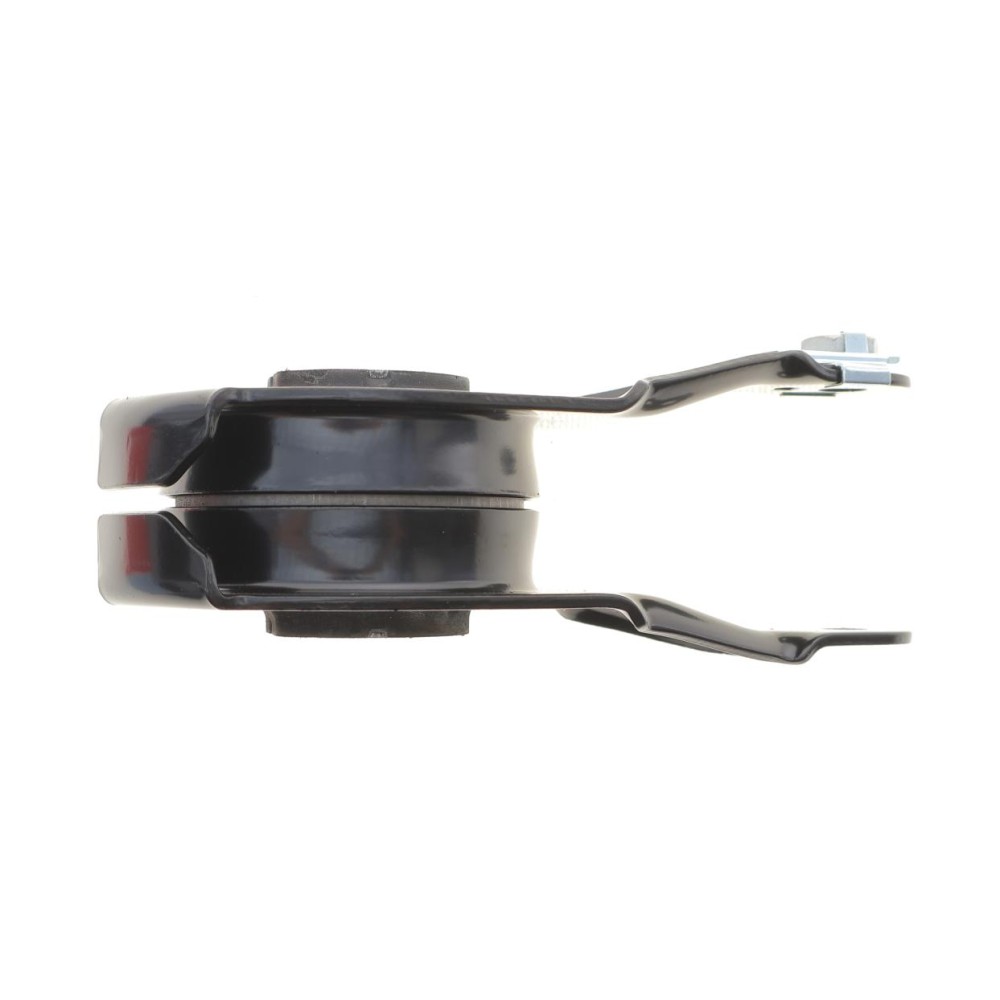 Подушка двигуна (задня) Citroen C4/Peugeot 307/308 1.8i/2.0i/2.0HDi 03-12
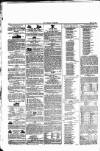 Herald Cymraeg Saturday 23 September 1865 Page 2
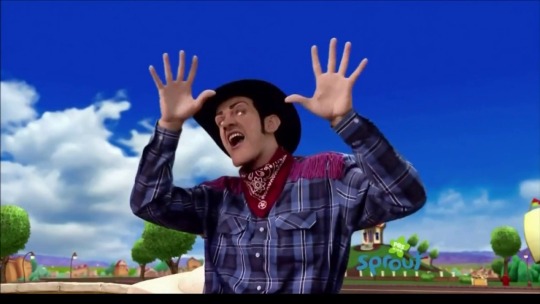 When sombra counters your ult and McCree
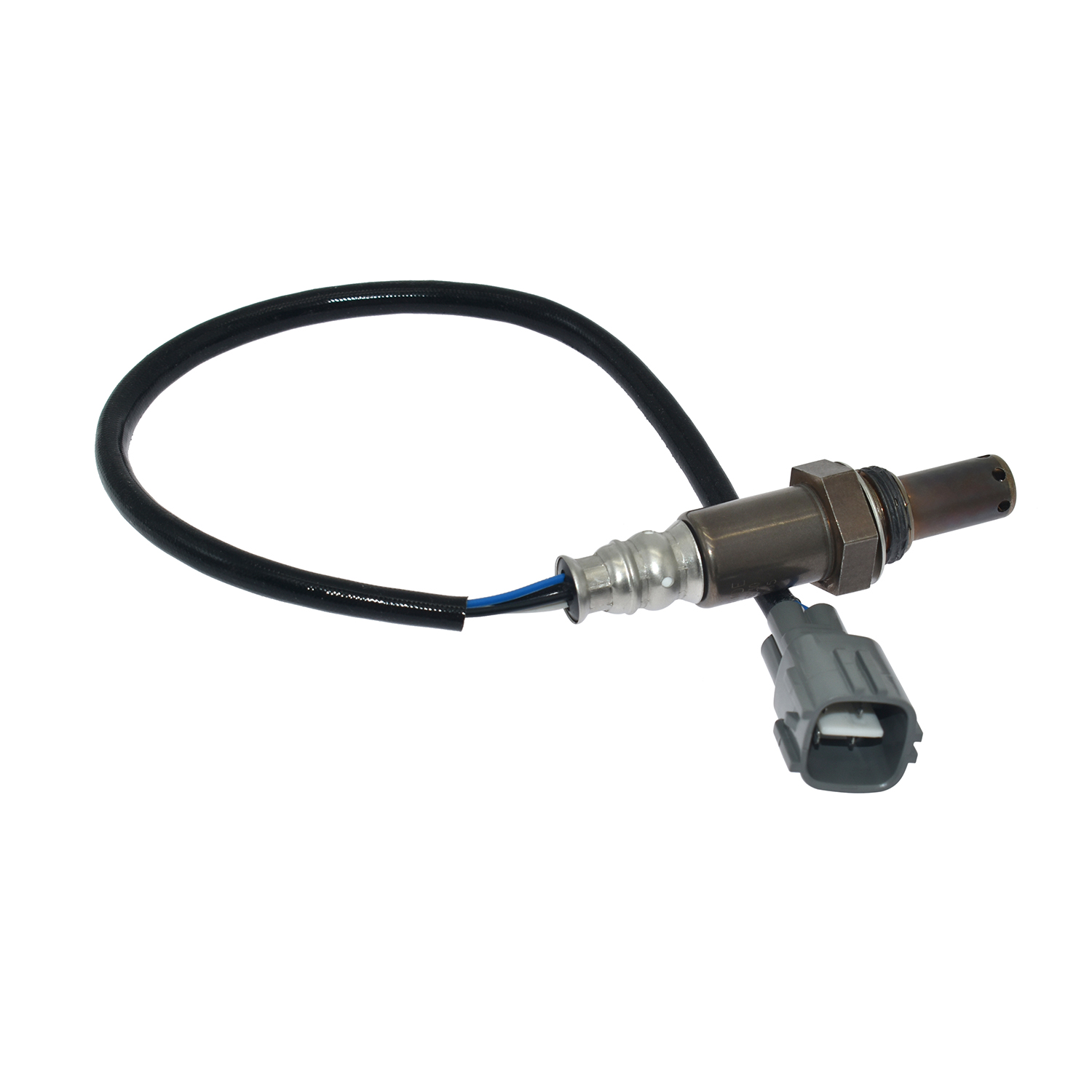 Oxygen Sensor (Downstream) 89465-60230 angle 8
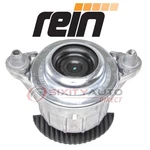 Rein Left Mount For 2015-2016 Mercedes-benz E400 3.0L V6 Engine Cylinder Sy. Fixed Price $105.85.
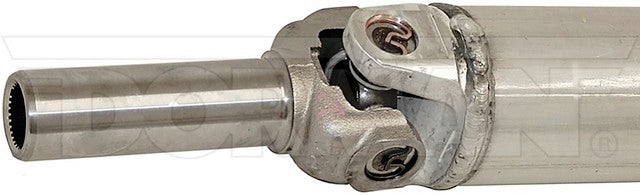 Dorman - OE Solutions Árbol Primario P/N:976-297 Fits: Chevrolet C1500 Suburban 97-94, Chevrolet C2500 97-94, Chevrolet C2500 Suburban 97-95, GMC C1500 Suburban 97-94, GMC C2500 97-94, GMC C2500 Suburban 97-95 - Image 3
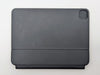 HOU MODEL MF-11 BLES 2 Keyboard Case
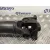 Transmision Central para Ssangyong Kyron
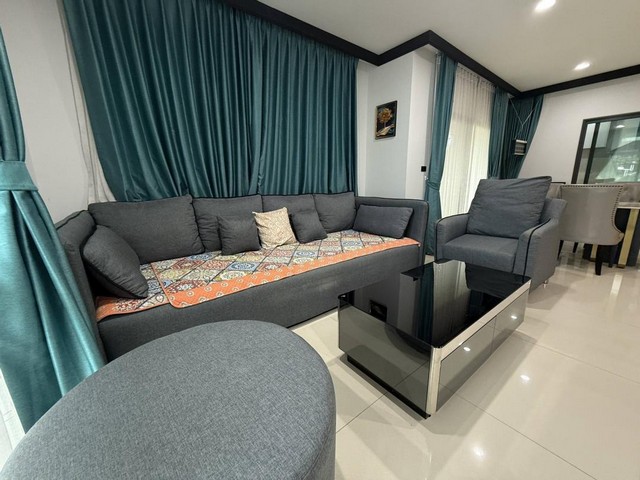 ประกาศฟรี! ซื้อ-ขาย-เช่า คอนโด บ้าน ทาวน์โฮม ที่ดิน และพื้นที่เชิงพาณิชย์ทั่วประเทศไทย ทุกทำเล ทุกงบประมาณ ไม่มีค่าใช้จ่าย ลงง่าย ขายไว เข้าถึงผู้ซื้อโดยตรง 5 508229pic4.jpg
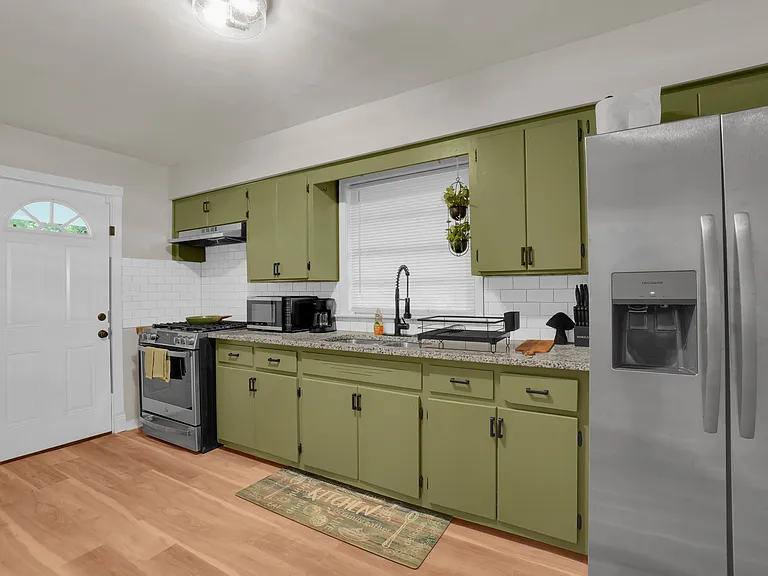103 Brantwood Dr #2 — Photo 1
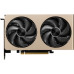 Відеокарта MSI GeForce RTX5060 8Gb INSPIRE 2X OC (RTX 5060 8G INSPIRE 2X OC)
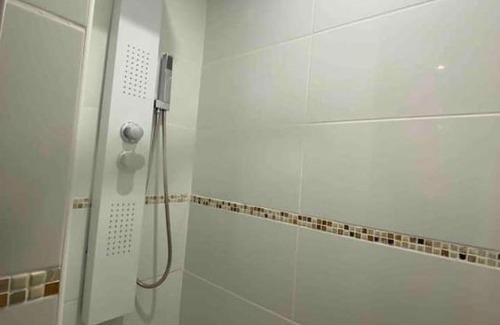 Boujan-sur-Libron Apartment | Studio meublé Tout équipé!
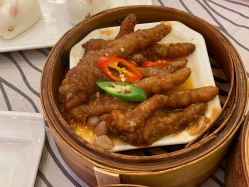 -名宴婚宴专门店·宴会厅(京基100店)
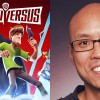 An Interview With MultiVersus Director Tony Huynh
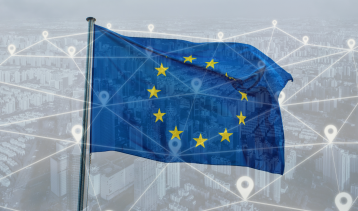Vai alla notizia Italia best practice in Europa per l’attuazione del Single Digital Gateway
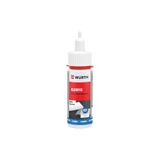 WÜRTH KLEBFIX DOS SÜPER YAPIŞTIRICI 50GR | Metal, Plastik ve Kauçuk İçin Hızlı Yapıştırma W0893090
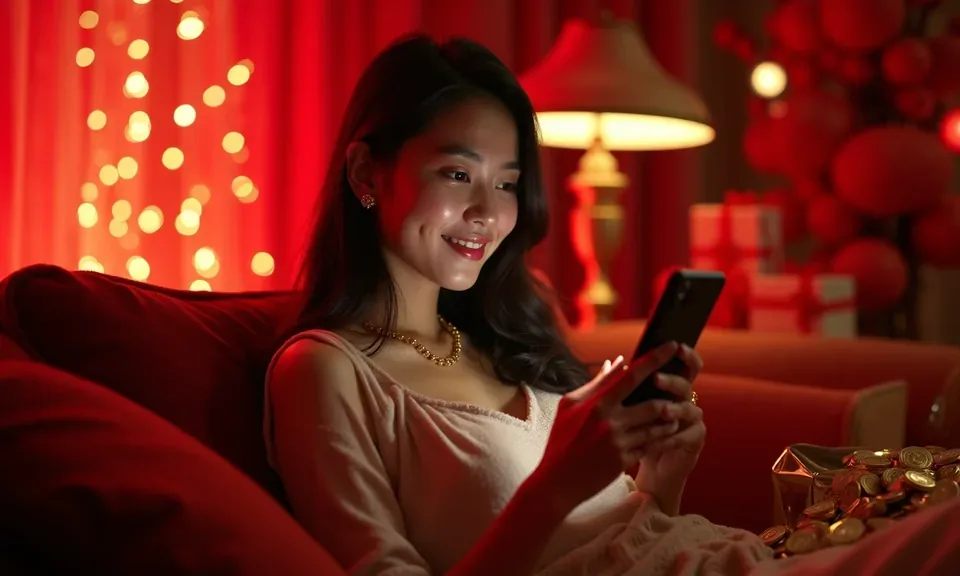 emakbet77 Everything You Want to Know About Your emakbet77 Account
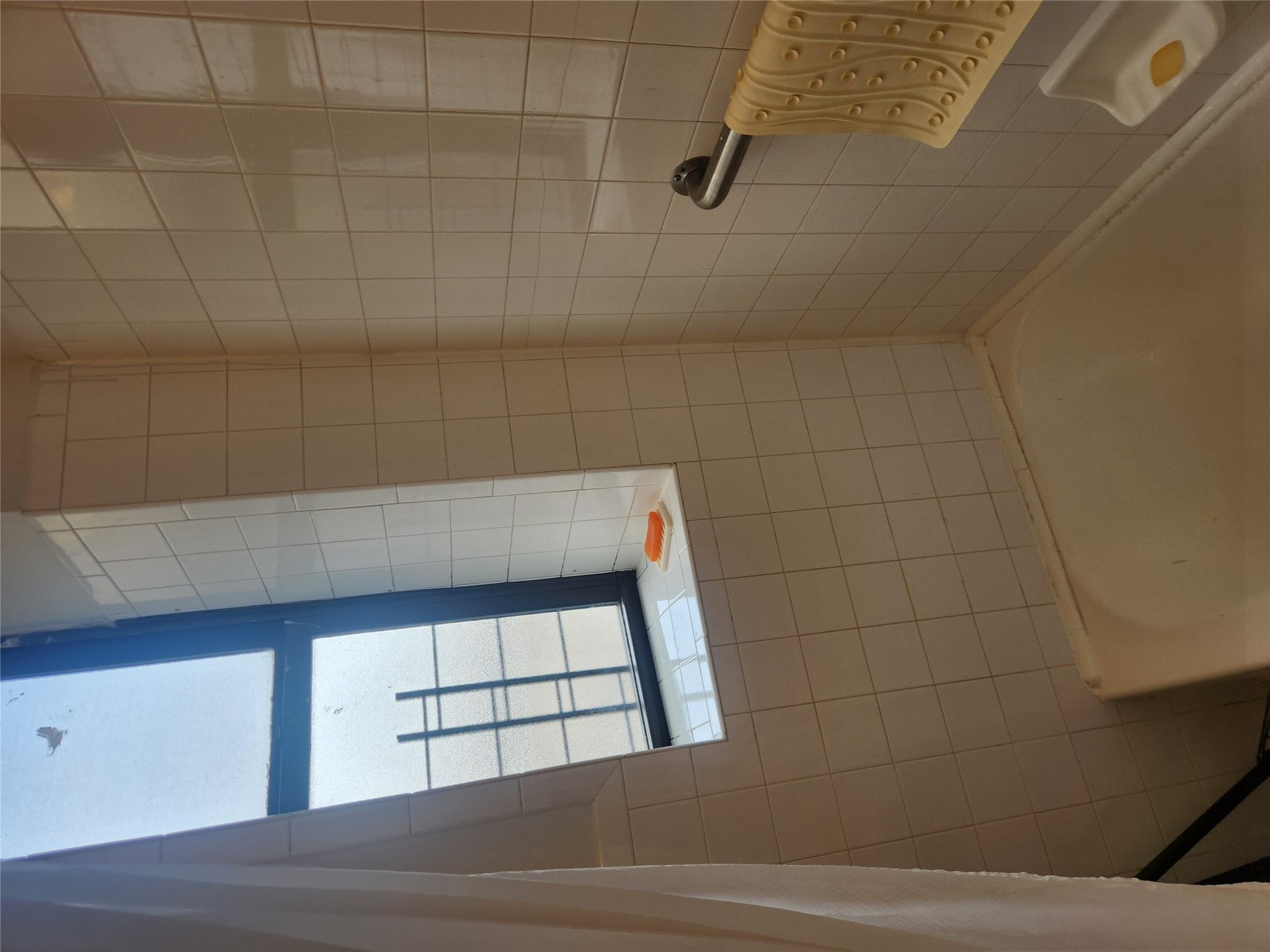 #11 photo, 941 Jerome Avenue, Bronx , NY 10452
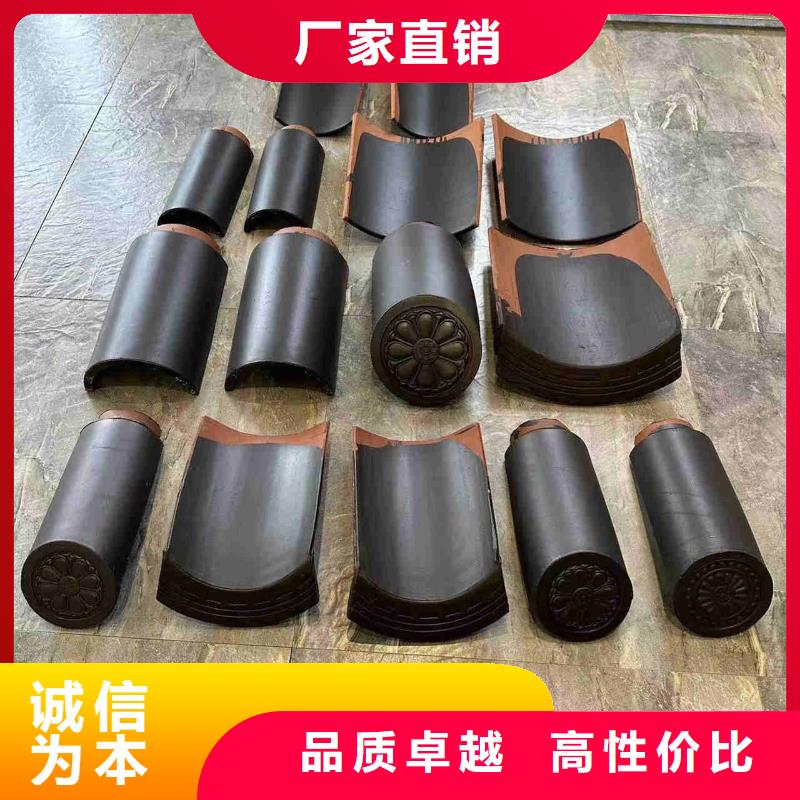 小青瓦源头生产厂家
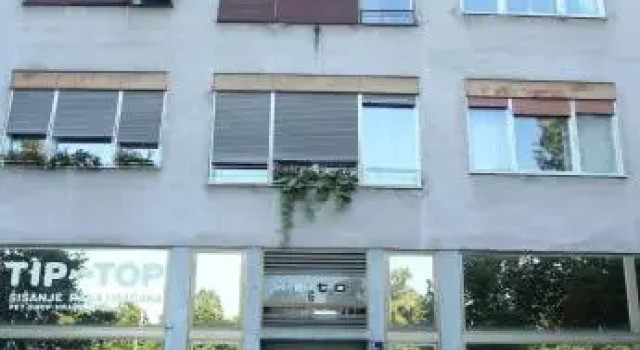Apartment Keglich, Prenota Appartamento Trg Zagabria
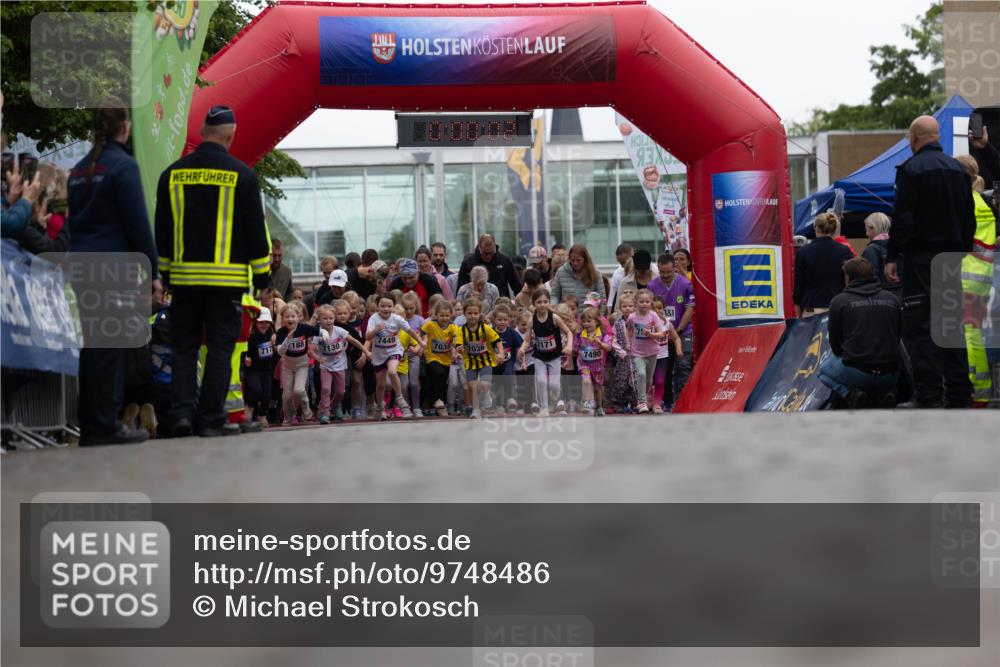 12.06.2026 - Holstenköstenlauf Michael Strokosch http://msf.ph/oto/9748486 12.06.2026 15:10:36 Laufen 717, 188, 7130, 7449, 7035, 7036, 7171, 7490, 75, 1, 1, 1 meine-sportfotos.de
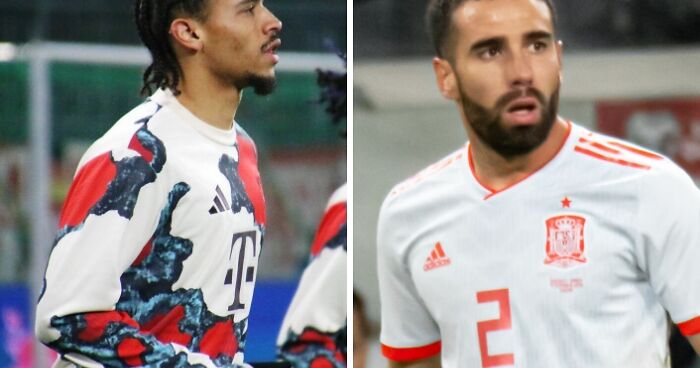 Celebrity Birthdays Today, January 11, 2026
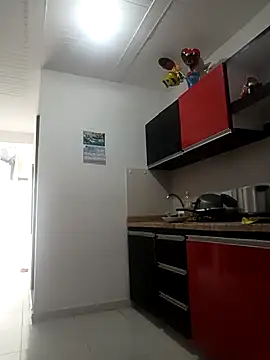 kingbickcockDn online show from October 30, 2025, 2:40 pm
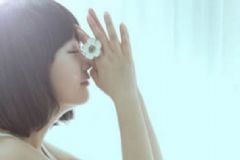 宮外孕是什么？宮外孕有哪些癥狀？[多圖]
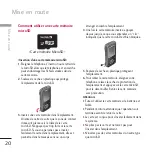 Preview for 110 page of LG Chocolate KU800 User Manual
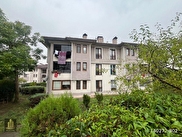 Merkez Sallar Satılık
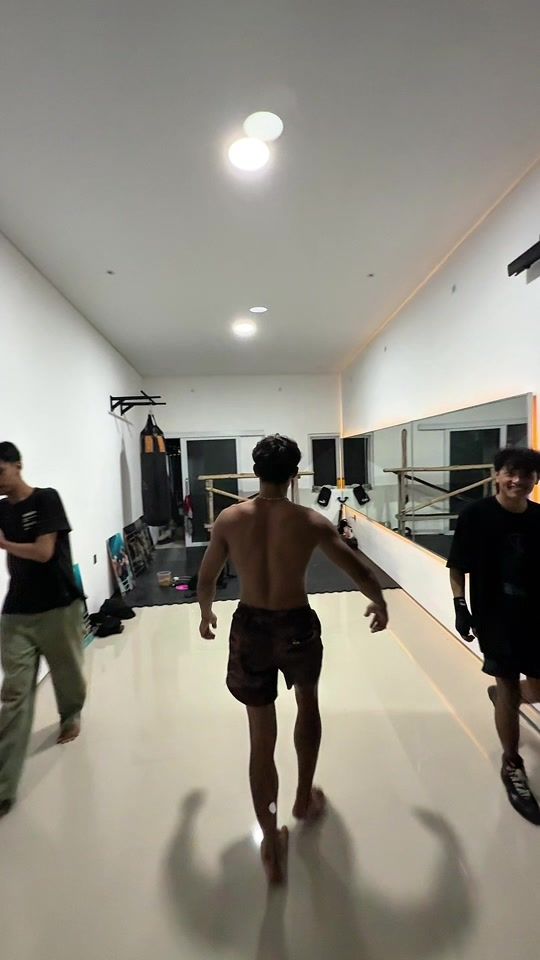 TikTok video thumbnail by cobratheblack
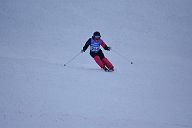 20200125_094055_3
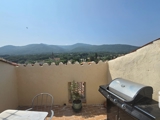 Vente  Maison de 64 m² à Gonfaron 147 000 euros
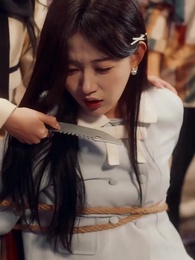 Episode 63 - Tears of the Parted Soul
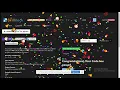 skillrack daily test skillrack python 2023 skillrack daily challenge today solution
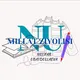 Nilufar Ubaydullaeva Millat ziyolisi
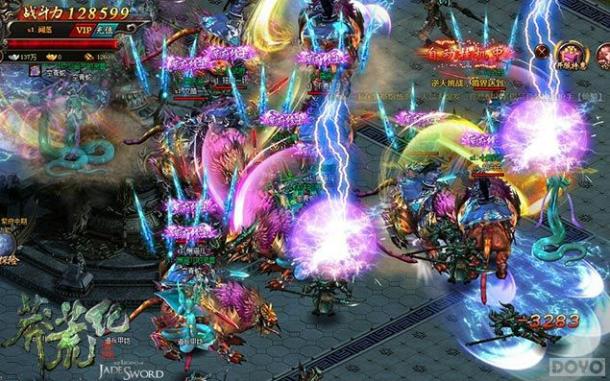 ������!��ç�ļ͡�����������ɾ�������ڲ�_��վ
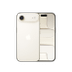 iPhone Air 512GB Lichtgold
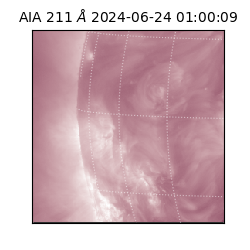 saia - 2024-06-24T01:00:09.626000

------------------------

With the pictures left out, write out exactly the lines above from the one containing "WÜRTH KLEBFIX DOS" through the one containing "skillrack daily test".

**Task response:**
 WÜRTH KLEBFIX DOS SÜPER YAPIŞTIRICI 50GR | Metal, Plastik ve Kauçuk İçin Hızlı Yapıştırma W0893090
 emakbet77 Everything You Want to Know About Your emakbet77 Account
 #11 photo, 941 Jerome Avenue, Bronx , NY 10452
 小青瓦源头生产厂家
Apartment Keglich, Prenota Appartamento Trg Zagabria
 12.06.2026 - Holstenköstenlauf Michael Strokosch http://msf.ph/oto/9748486 12.06.2026 15:10:36 Laufen 717, 188, 7130, 7449, 7035, 7036, 7171, 7490, 75, 1, 1, 1 meine-sportfotos.de
 Celebrity Birthdays Today, January 11, 2026
 kingbickcockDn online show from October 30, 2025, 2:40 pm
 宮外孕是什么？宮外孕有哪些癥狀？[多圖]
 Preview for 110 page of LG Chocolate KU800 User Manual
 Merkez Sallar Satılık
 TikTok video thumbnail by cobratheblack
 20200125_094055_3
 Vente  Maison de 64 m² à Gonfaron 147 000 euros
 Episode 63 - Tears of the Parted Soul
 skillrack daily test skillrack python 2023 skillrack daily challenge today solution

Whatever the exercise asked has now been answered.